[Task details] From the records below, please print only the lines from the one containing "Men Classic Cargo" through the one containing "Carsharing Service Membership", both included. Skip the pictures.

START Dataset extract

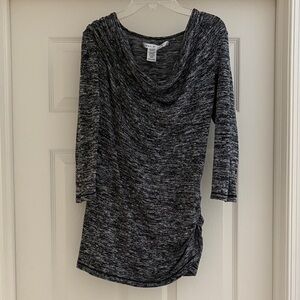 Max Studio Asymmetrical Charcoal and Black Knit Top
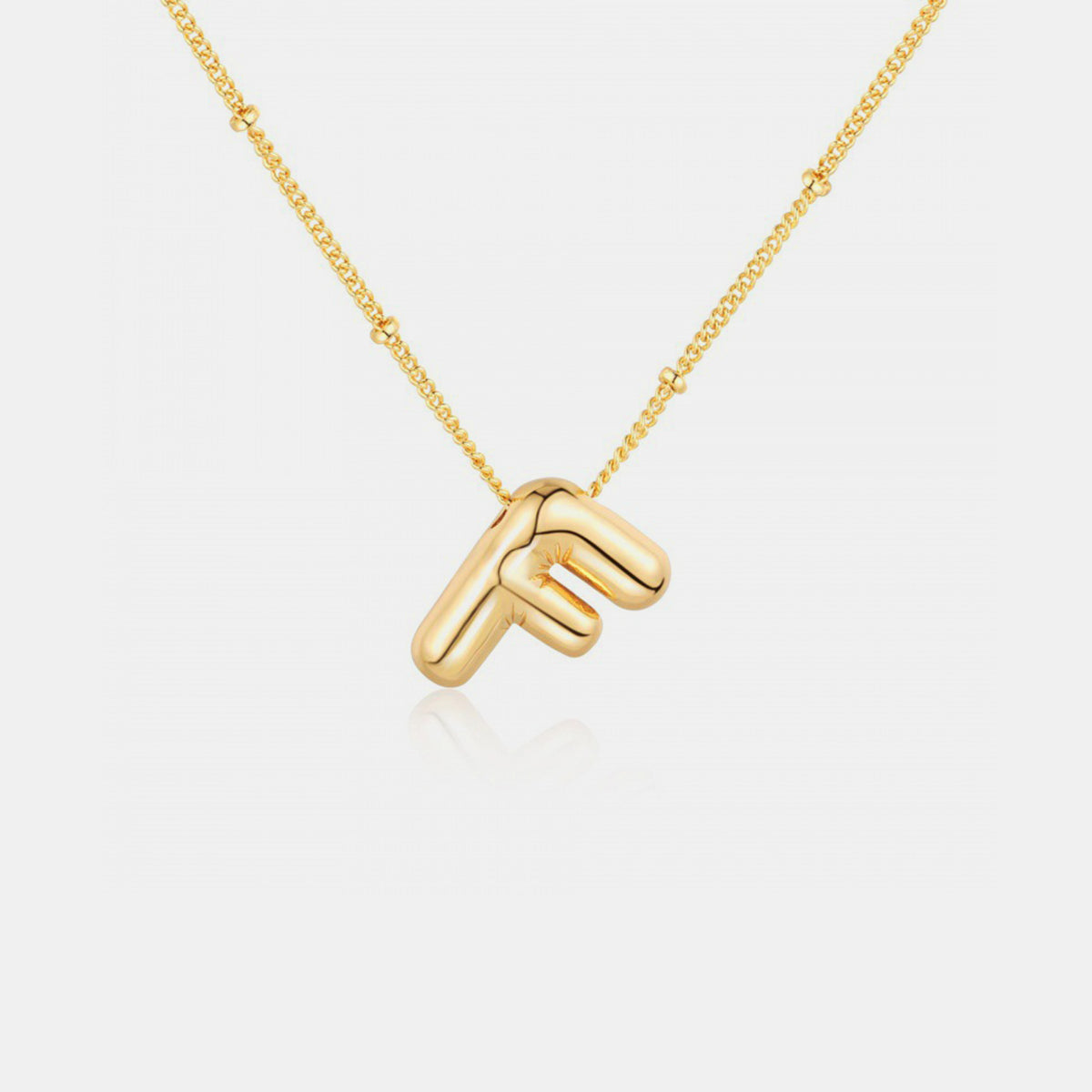 Gold-Plated Bubble Initial Necklace (A-J)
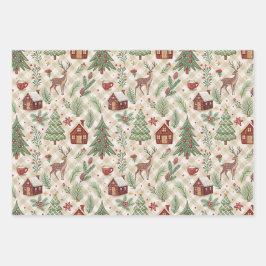 Aesthetic Holiday Checkered Wrapping Paper Geschenkpapier Set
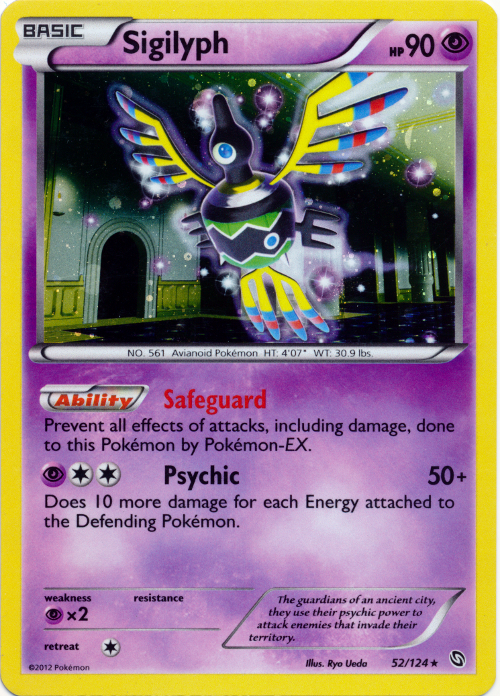 Pokemon | Sigilyph (52/124) (Cosmos Holo) [Black & White: Dragons Exalted] | The Nerd Merchant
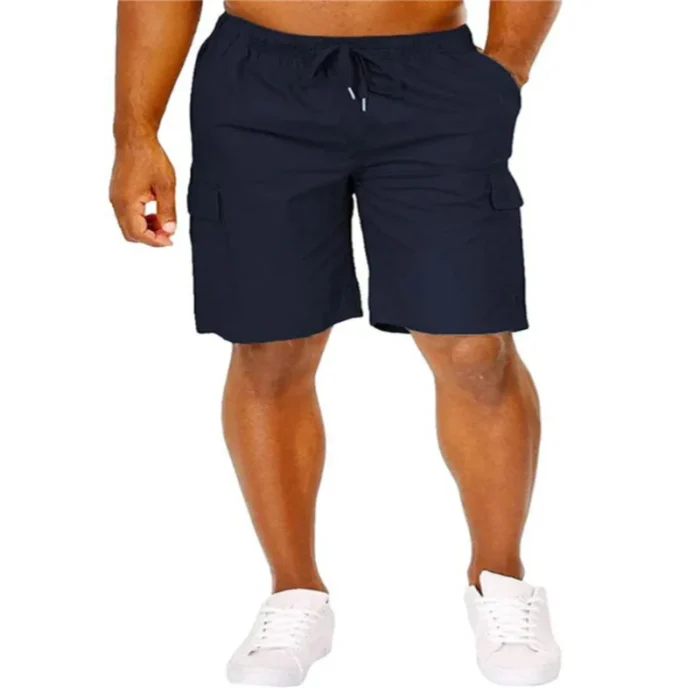 Men Classic Cargo Shorts With Drawstring Loose Fit Solid Color Multi Pocket Casual – Bild 3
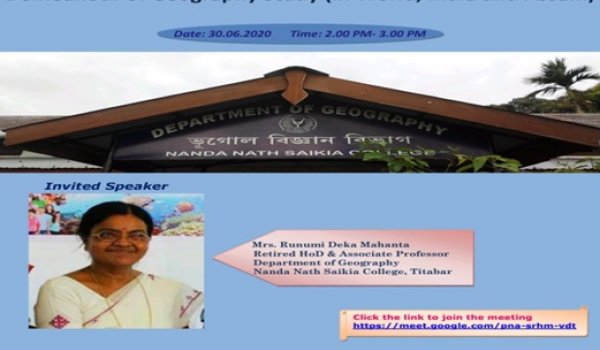 One Day Workshop on Demeanour of Geography Study, 30-06-2020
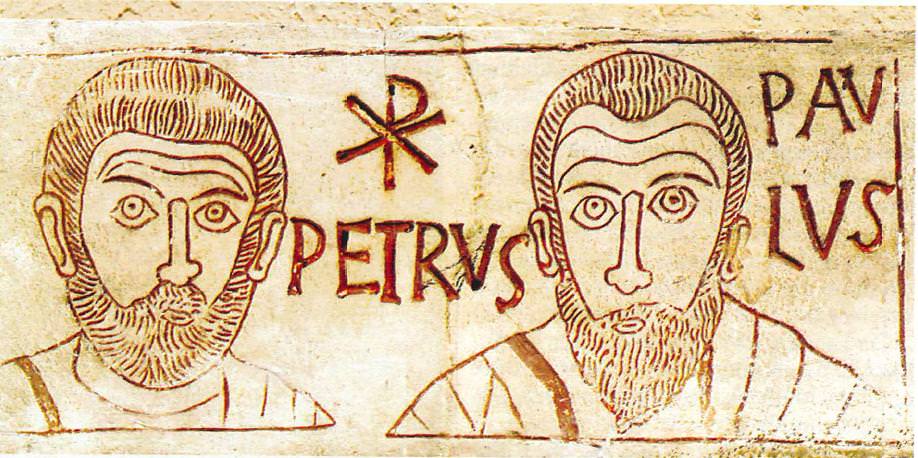 Pietro e Paolo in un'incisione del IV secolo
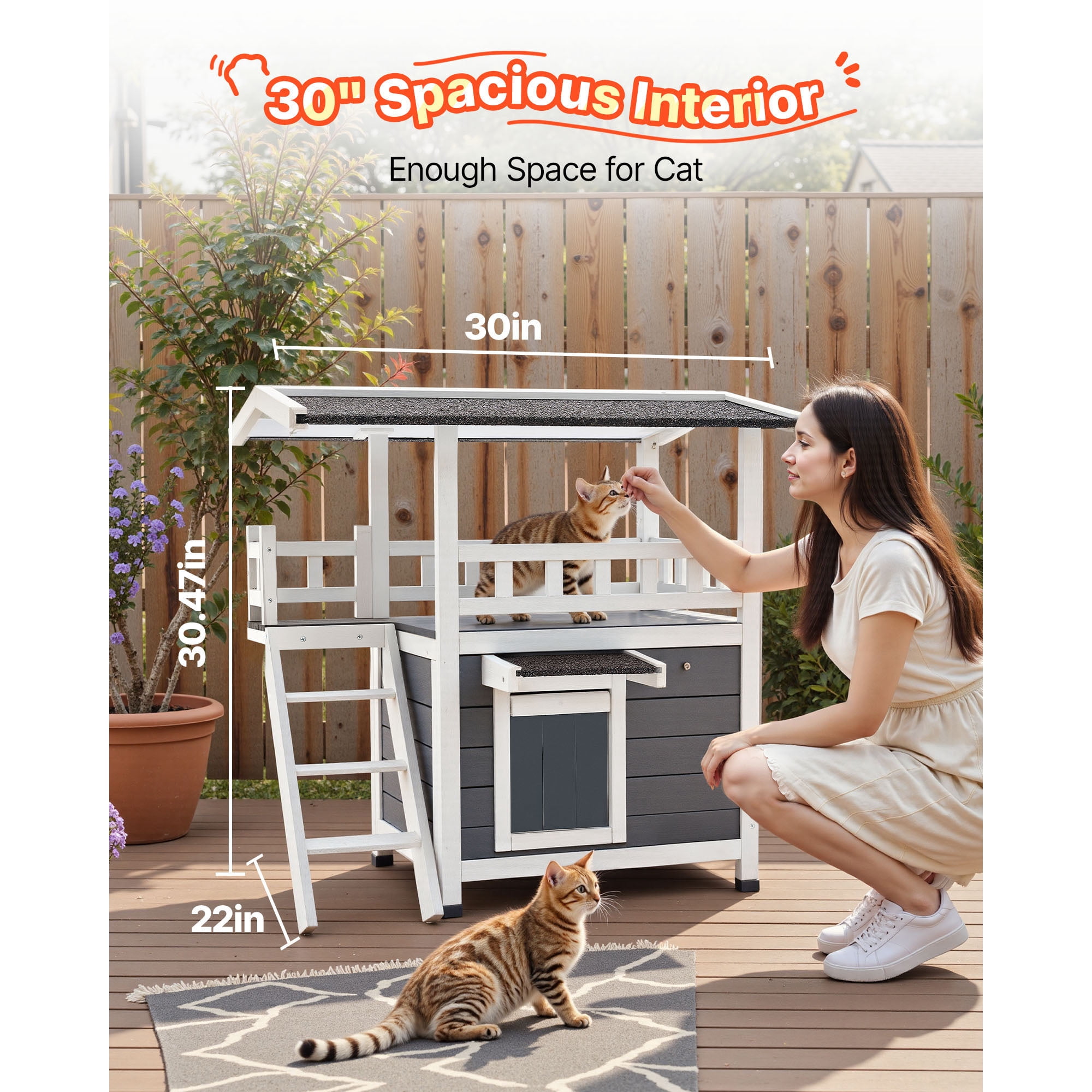 KFFKFF 2-Story Wooden Cat House with Stairs & Balcony, Elevated Shelter for Feral and Domestic Cats, Weather-Resistant Design, Spacious Interior, Suitable for Indoor and Outdoor Use, 30 x 22 x 30 in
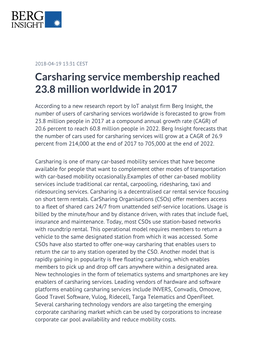 Carsharing Service Membership Reached 23.8 Million Worldwide in 2017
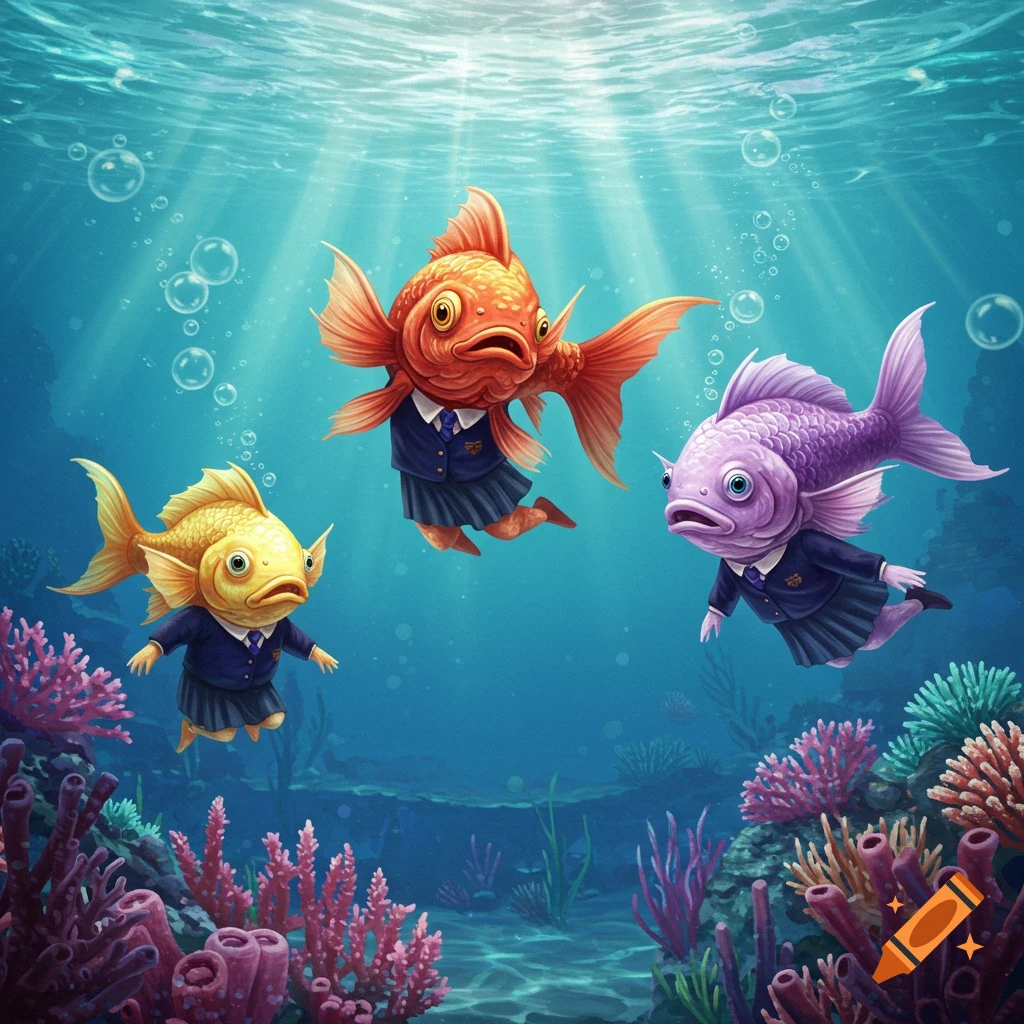 Three cartoon fish in school uniforms, a red, a yellow, and a purple one, swim underwater amidst coral and sunlight.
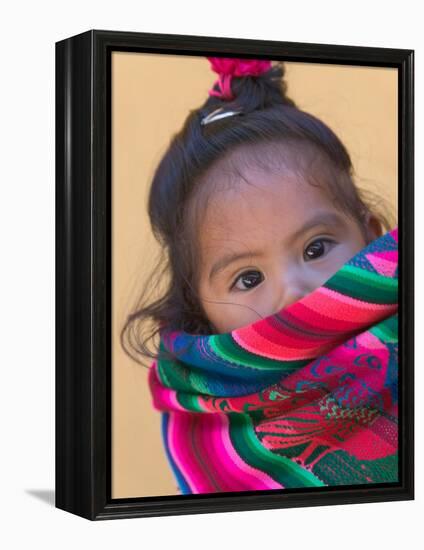 Portrait of a Young Indian Girl, Cusco, Peru-Keren Su-Framed Premier Image Canvas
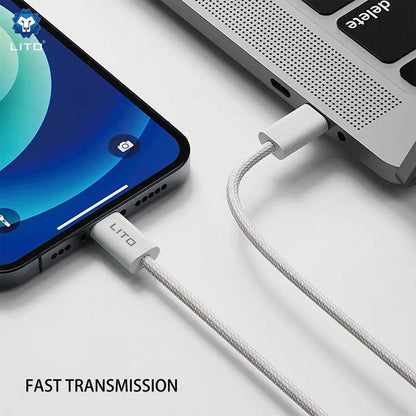 Кабел за данни и зареждане USB-C - Lightning Lito LD04CL, 27W, 2m, Бял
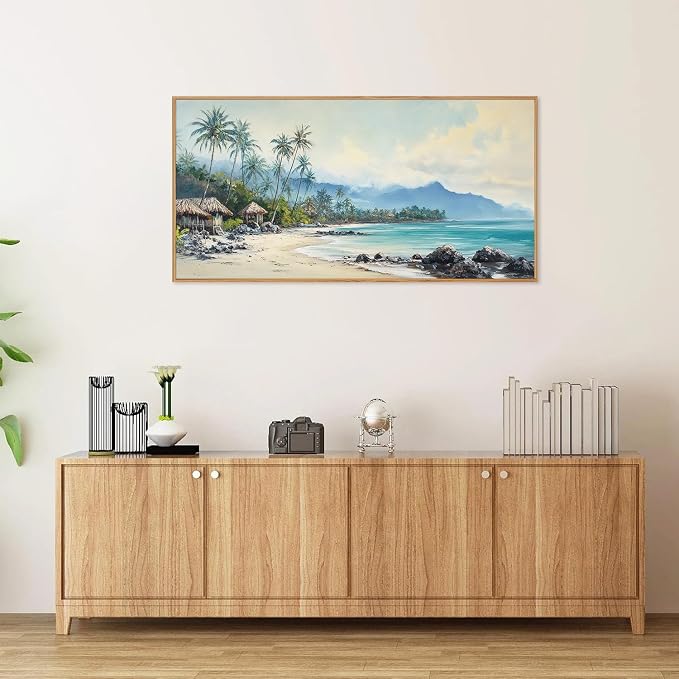 Rantodecor Tropical Coastal Framed Canvas Wall Art, Beach Landscape Posters Wall Decor, Island Palm Trees Beach House Art Paintings, Seascape Mountains Artwork for Bedroom Living Room Office 40"x20"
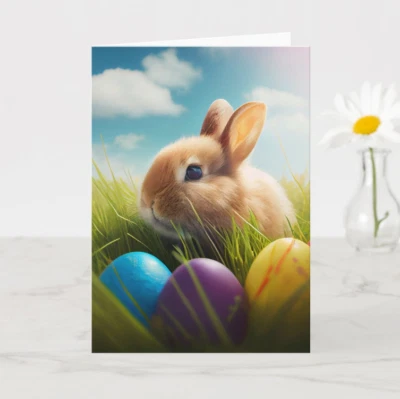 Cute Easter Bunny - 5.5" x 8.5" Greeting Card with Writing Space Inside - Image 1 of 4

END Dataset extract

[Finished exercise]
 Men Classic Cargo Shorts With Drawstring Loose Fit Solid Color Multi Pocket Casual – Bild 3
 One Day Workshop on Demeanour of Geography Study, 30-06-2020
 Pietro e Paolo in un'incisione del IV secolo
 KFFKFF 2-Story Wooden Cat House with Stairs & Balcony, Elevated Shelter for Feral and Domestic Cats, Weather-Resistant Design, Spacious Interior, Suitable for Indoor and Outdoor Use, 30 x 22 x 30 in
 Carsharing Service Membership Reached 23.8 Million Worldwide in 2017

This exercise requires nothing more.